- [WHAT IS NEEDED]:
Once the pictures are removed, restate the data below word for word.
[DATA SHOWN Boundary: Start]
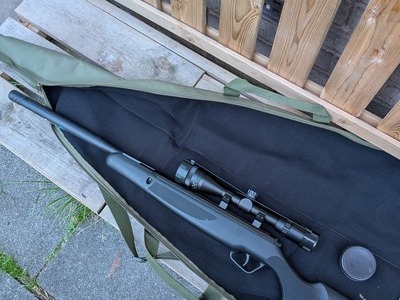 Stoeger S2 Synthetic Combo (with 3-9x40 Scope) .177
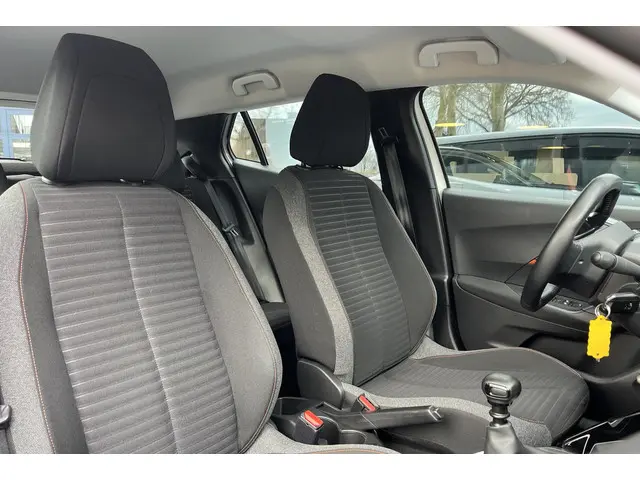 Peugeot 2008 1.2 Turbo 100 PK Active Pack 2021 Benzine 35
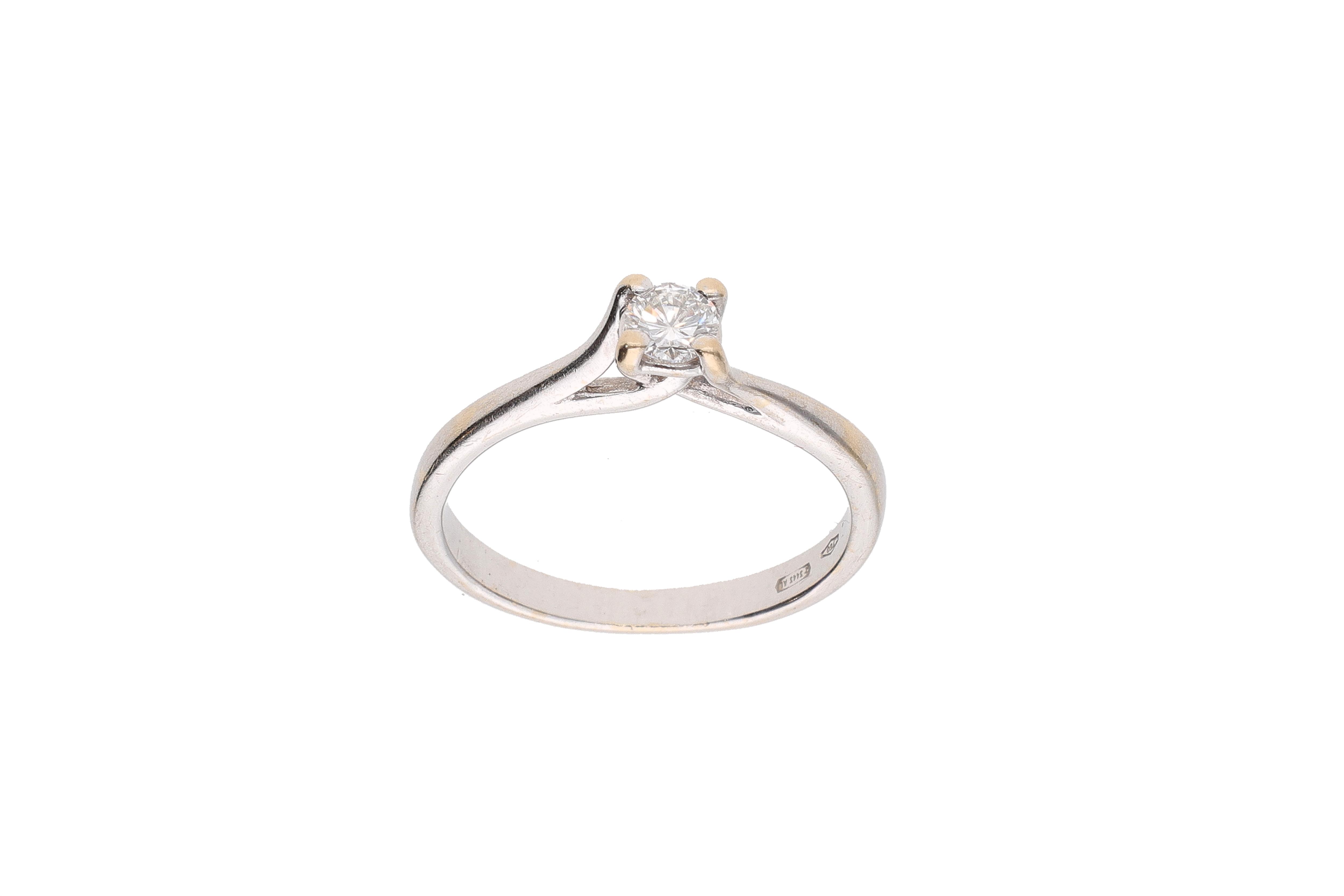 Anello con diamante - Asta Preziosi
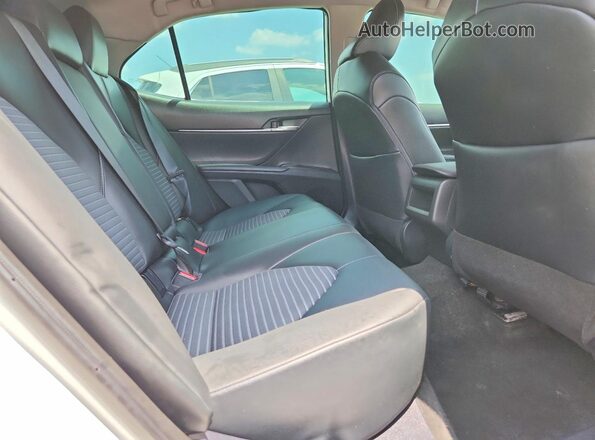 4T1G11AK2RU232859 2024 TOYOTA CAMRY Белый Вид задней части салона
[DATA SHOWN Boundary: End]
- [THE COMPLETED TASK]:
 Stoeger S2 Synthetic Combo (with 3-9x40 Scope) .177
 Peugeot 2008 1.2 Turbo 100 PK Active Pack 2021 Benzine 35
 Anello con diamante - Asta Preziosi
 4T1G11AK2RU232859 2024 TOYOTA CAMRY Белый Вид задней части салона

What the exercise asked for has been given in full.